Es war von Anfang an klar, dass er wegfällt. Nach langen Gesprächen kamen wir zu dem Schluss, dass der Untertitel die Zeitschrift klein macht. Man könnte es noch drastischer formulieren: Es war Unfug.
Kann jeder angehende Jungautor damit rechnen, dass sich Johannes CS Frank um ihn kümmert?
In der Beurteilung der einzelnen Beiträge spiele ich nur eine Filterrolle. Eingesandte Manuskripte werden gelesen, und nach einer ersten Auswahl entscheidet das Kuratorium, ob etwas publikabel ist oder nicht. Alle Beiträge werden zusammen mit den Autoren bearbeitet. Es ist noch nie vorgekommen, dass ein Text genauso wie er eingeschickt auch veröff entlich wurde. Tendenziell kann jeder mitmachen, wenn die Qualität stimmt.
Sie kritisieren in Ihrer Verlagsphilosophie die geringe Risikobereitschaft herkömmlicher Verlage. Ist das Verlagshaus J. Frank risikobereit?
Ohne Zweifel. Sowohl das Herausgeben der Zeitschrift als auch einzelne Texte sind ein großes Risiko. Wir arbeiten zum Beispiel nicht mit Namen. Es ist ganz klar, dass sich eine Literaturzeitschrift für junge Autoren nicht mit Berühmtheiten schmücken kann. Das wirtschaftliche Risiko ist mir relativ egal, das persönliche Risiko beschäftigt mich viel mehr. Man kann oft nicht abschätzen, was man einem jungen Menschen rät. Der Beruf Autor ist kein einfacher; jemandem aber das Signal zu geben, dass es eine Option sein könnte, muss mit Verantwortung gehandhabt werden. Insofern ist es mein persönliches Risiko, wenn ich solch ein Signal gebe.
Was heißt das für Sie, Verantwortung zu übernehmen?
Dass wir den Autor über die Veröff entlichung hinaus begleiten. Hier können die großen Verlage nicht mithalten. Der Mangel an Risikobereitschaft ist im Endeff ekt ein Mangel an Betreuung und Begleitung der Autoren. Wir können das übernehmen.
Wie passt Ihr Verlag in die deutsche Literaturlandschaft?
Es gibt in Deutschland zehn große Verlage, jeder von denen hat noch mal zehn kleinere Verlage in der Hand. Dadurch wurden andere Kleinverlage kaputtgemacht. Es gibt nur wenige echte Kleinverlage, die viel Wert auf den Autor und seine Förderung legen. Ein großer Verlag kann sich das nicht leisten. Wenn Wirtschaft vor dem Inhalt steht, arbeiten die halt anders.

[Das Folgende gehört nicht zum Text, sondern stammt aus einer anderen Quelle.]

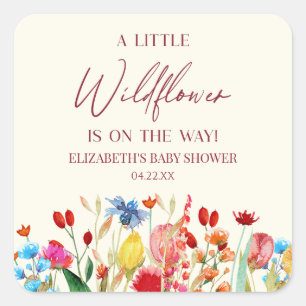 En liten Vild av vildblomma Flower Blommigt Baby S Fyrkantigt Klistermärke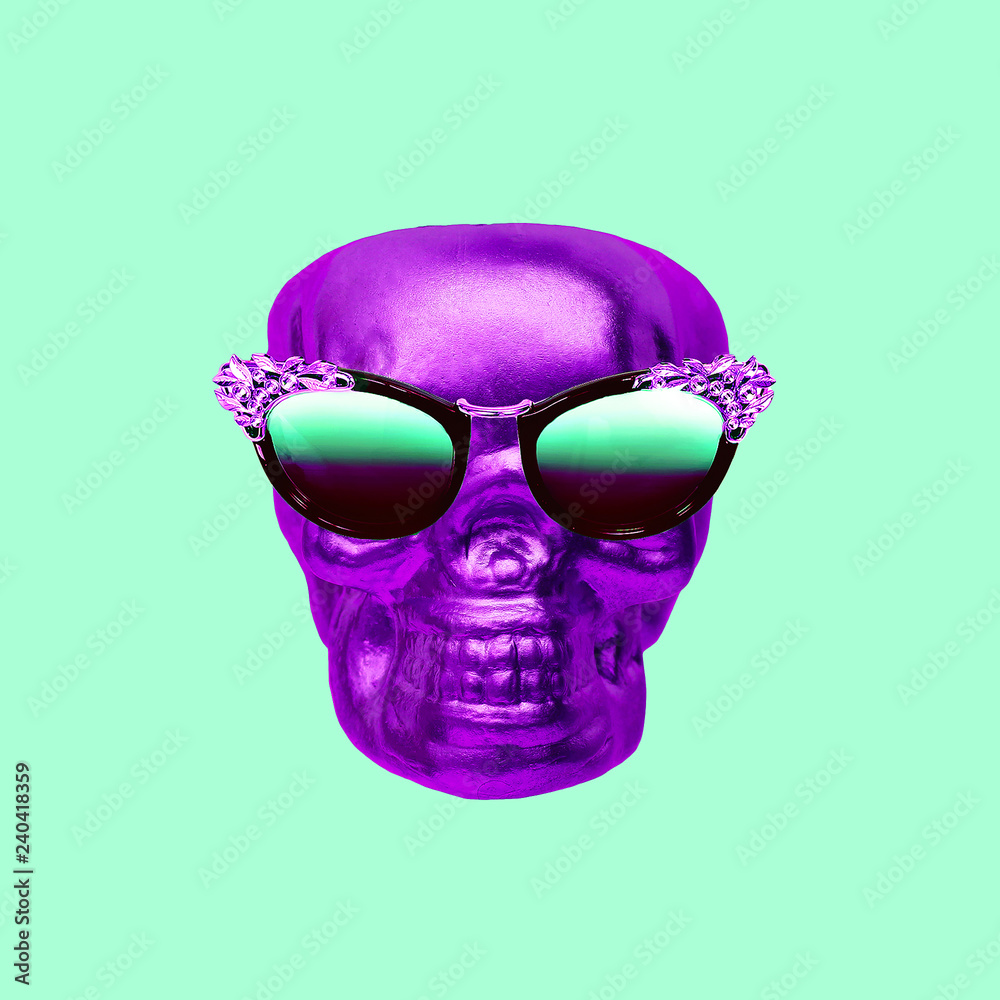 Contemporary art collage.  Purple skull in luxury sunglasses. Minimal art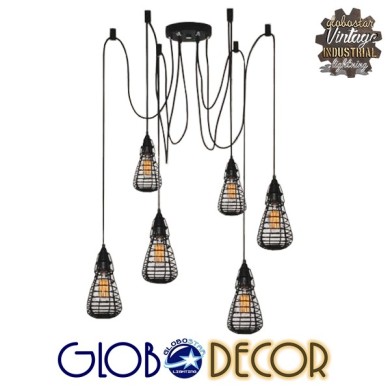 GLOBOSTAR® DROPS 01059 Vintage Κρεμαστό Φωτιστικό Οροφής με Ντουί 6 x E27 AC 220-240V IP20 - Μαύρο - 120cm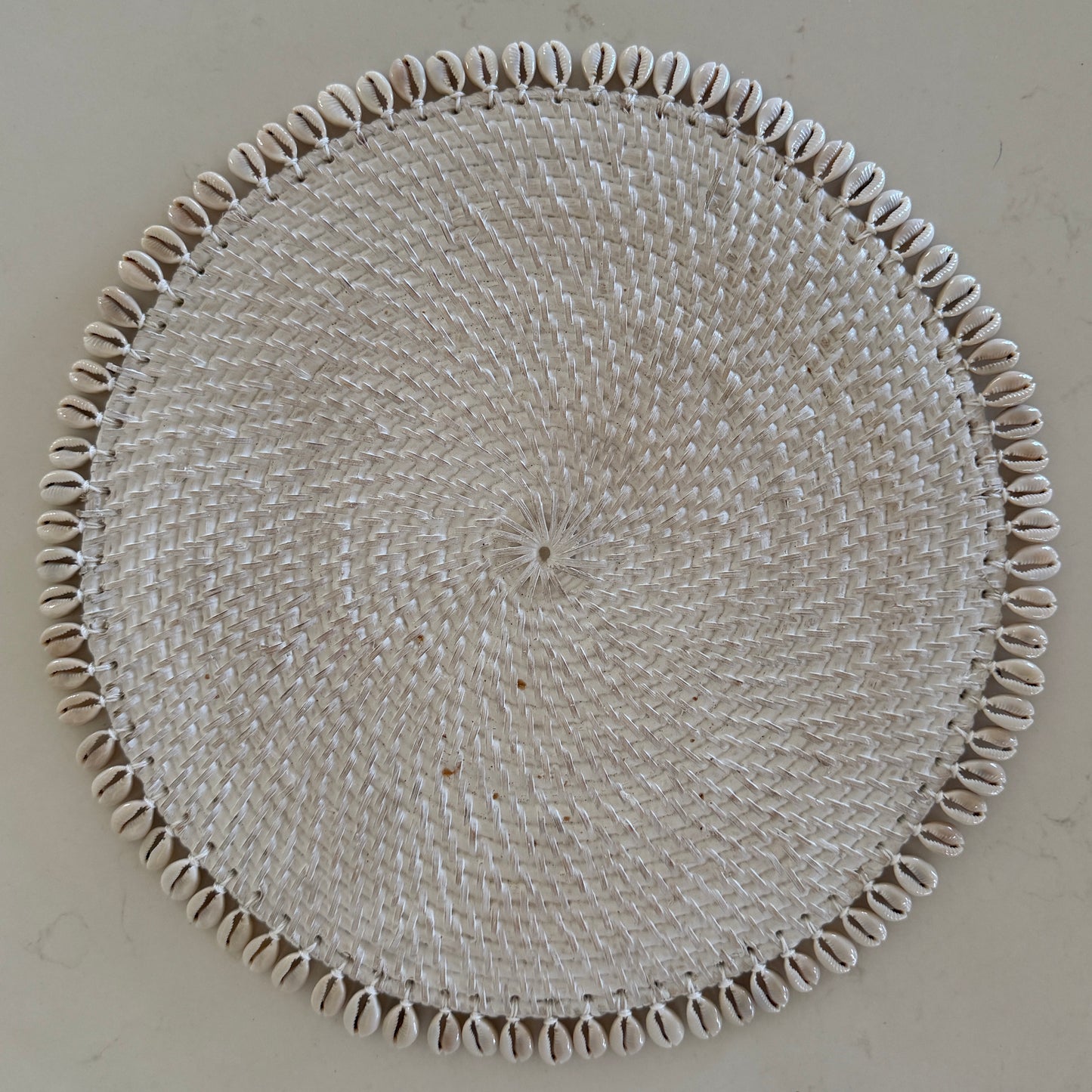 Rattan Cowrie Placemat | Whitewashed | SECOND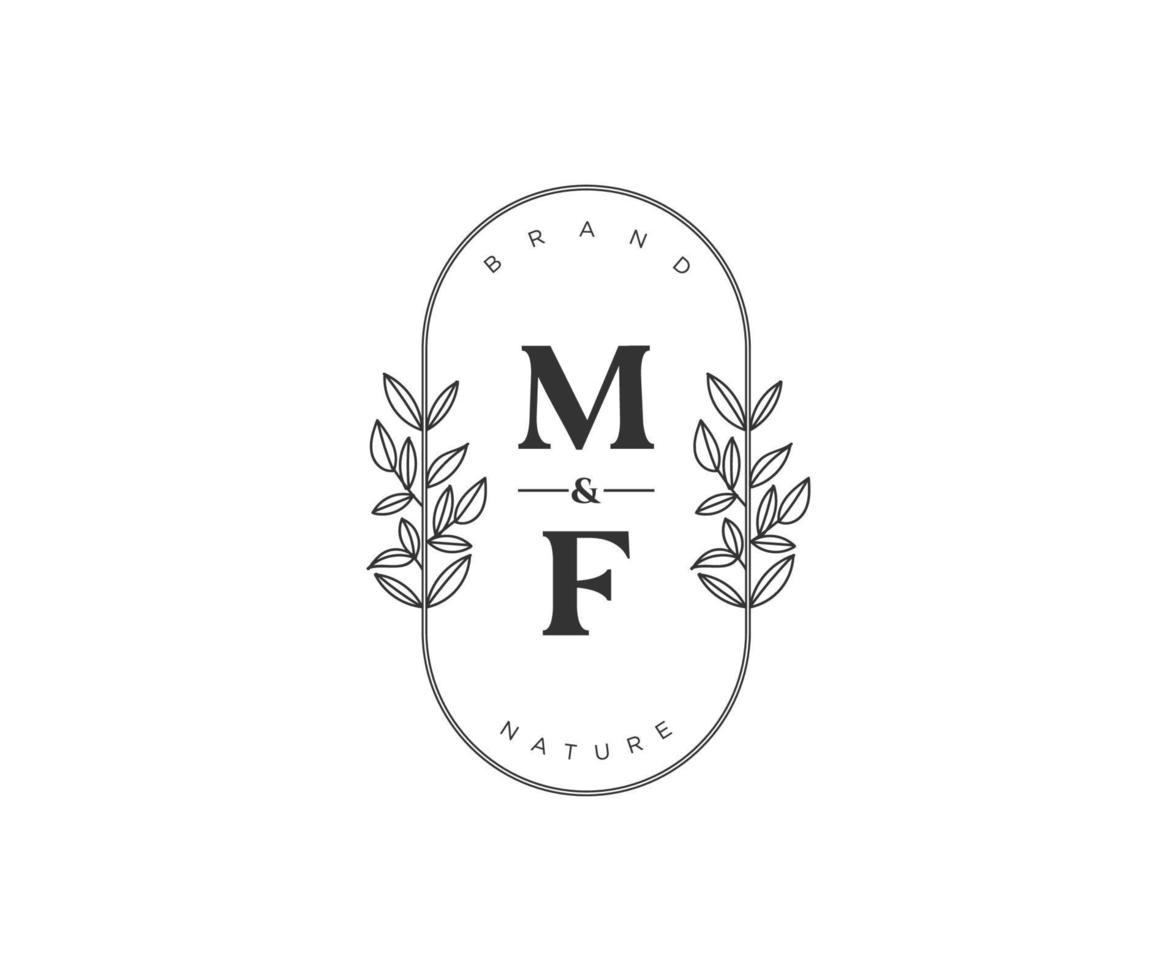 initial MF letters Beautiful floral feminine editable premade monoline logo suitable for spa salon skin hair beauty boutique and cosmetic company. vector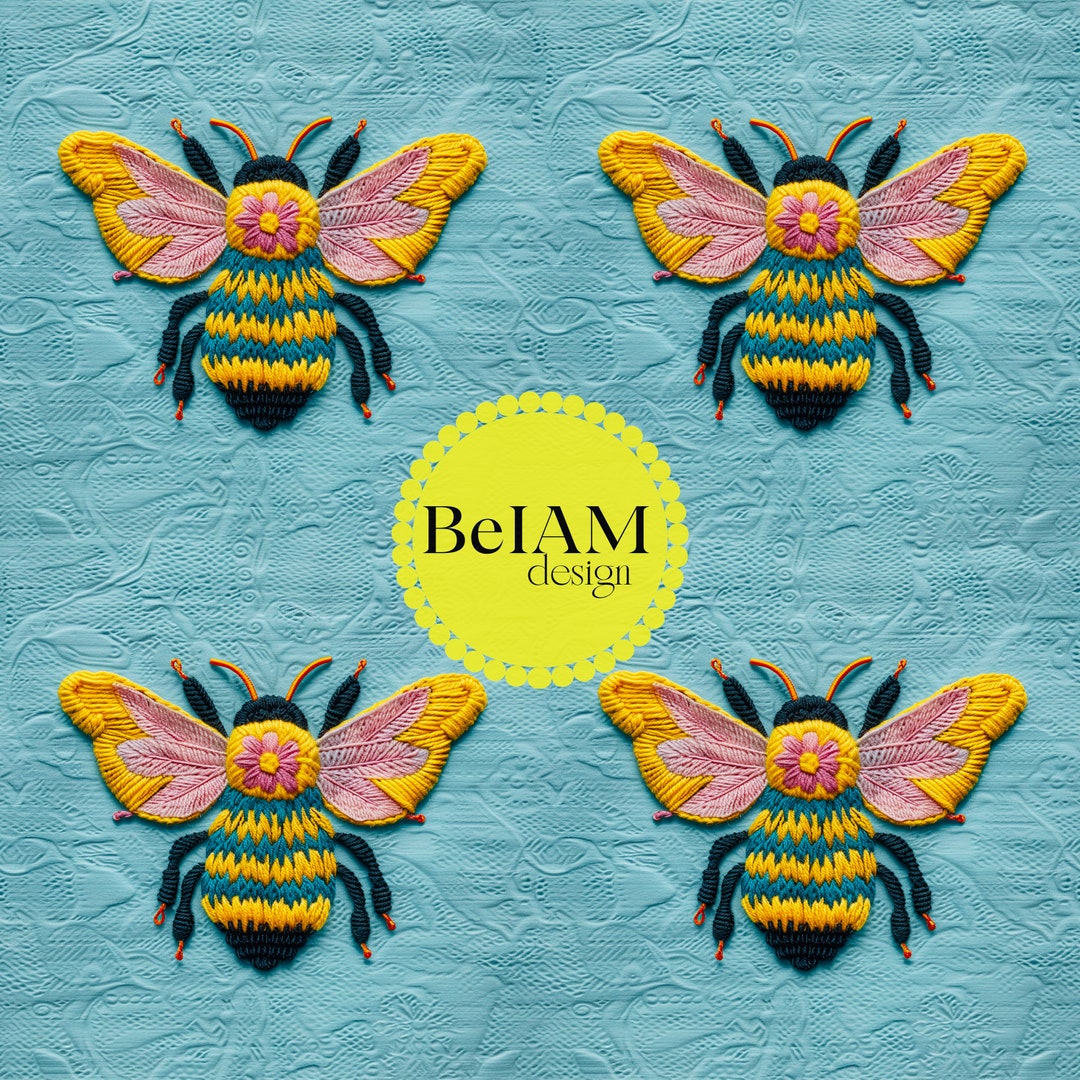 3D Adorable Bees Seamless Pattern Repeating File for Fabric Sublimation ...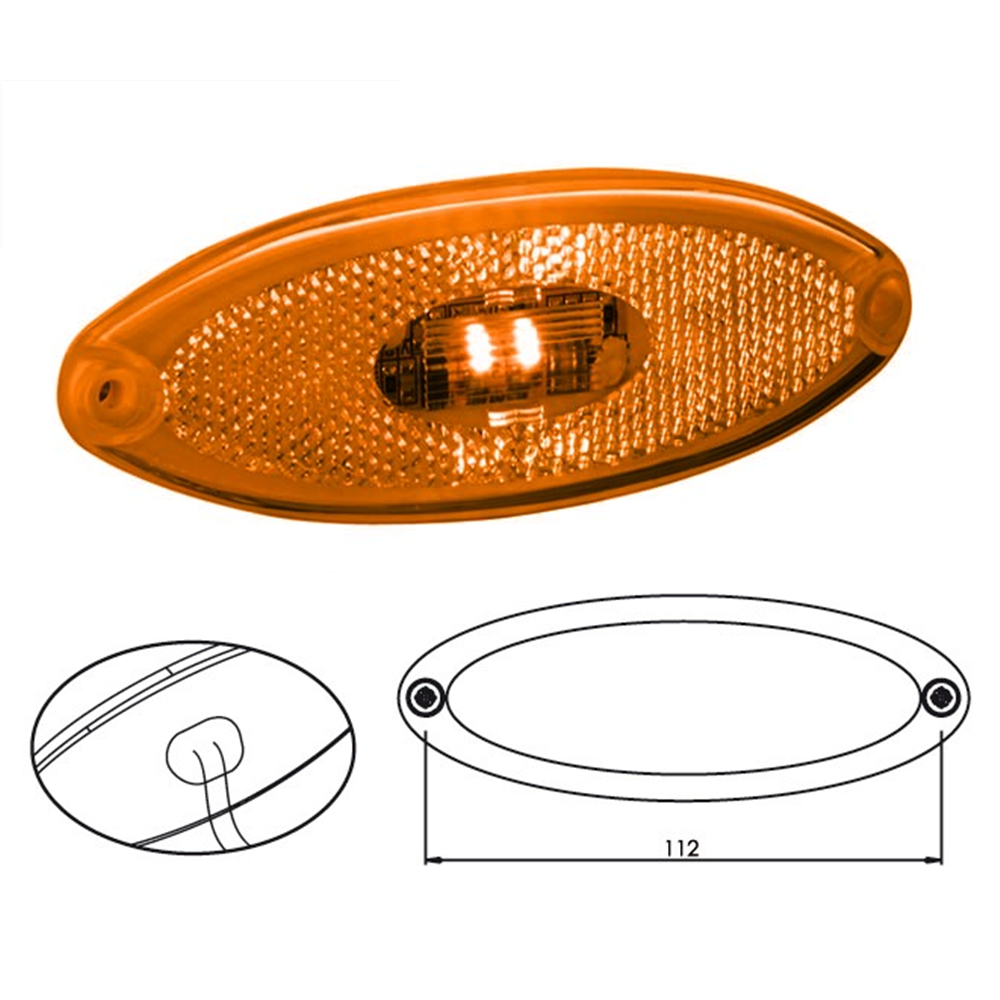 Lanterna Lateral Âmbar Oval com Led Bivolt Sinalsul 2041AM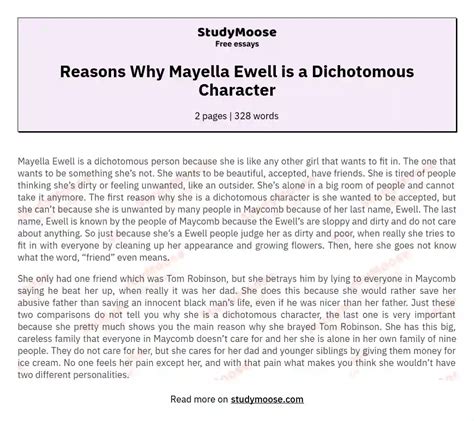 Reasons Why Mayella Ewell is a Dichotomous Character Free Essay Example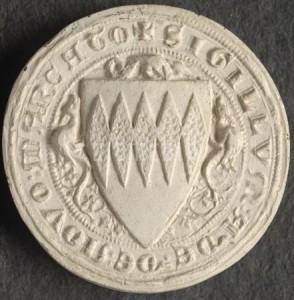 The seal of our 13th century ancestor Baron Adam de Newmarch.
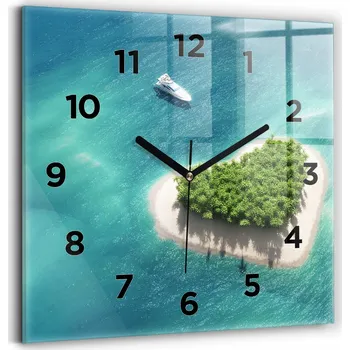 Hodiny Skleněné tvrzené hodiny tiché klasické nástěnné Ostrov srdce 30x30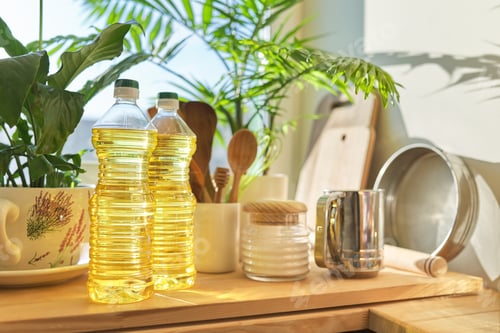 Preview: Kitchen utensils, sunflower oil on wooden table in pantry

Was kann ein Autor von Ihrem Verlag erwarten?
Lesungen oder Kurse zur Lese- und Sprechvorbereitung – den Autor erwarten viele Möglichkeiten. Wir lesen uns jeden Text durch und arbeiten gemeinsam am Werk. Es liegt aber an jedem selbst, was er aus den Angeboten macht. Es gibt Leute, die planen ihre Autorenkarriere wie eine Hochschulkarriere. Die Autorenkarriere lässt sich aber nicht planen. Wir fördern auch den Austausch der Autoren untereinander. Das zeichnet uns aus. Große Verlage dagegen können sich Aktionärsversammlungen leisten, aber das bringt den Autoren nichts.
Die bisherigen Ausgaben der „Belletristik” zeigen, dass Sie auch Wert auf die optische Aufmachung legen. Sollte Literatur nicht gerade ohne Optik funktionieren?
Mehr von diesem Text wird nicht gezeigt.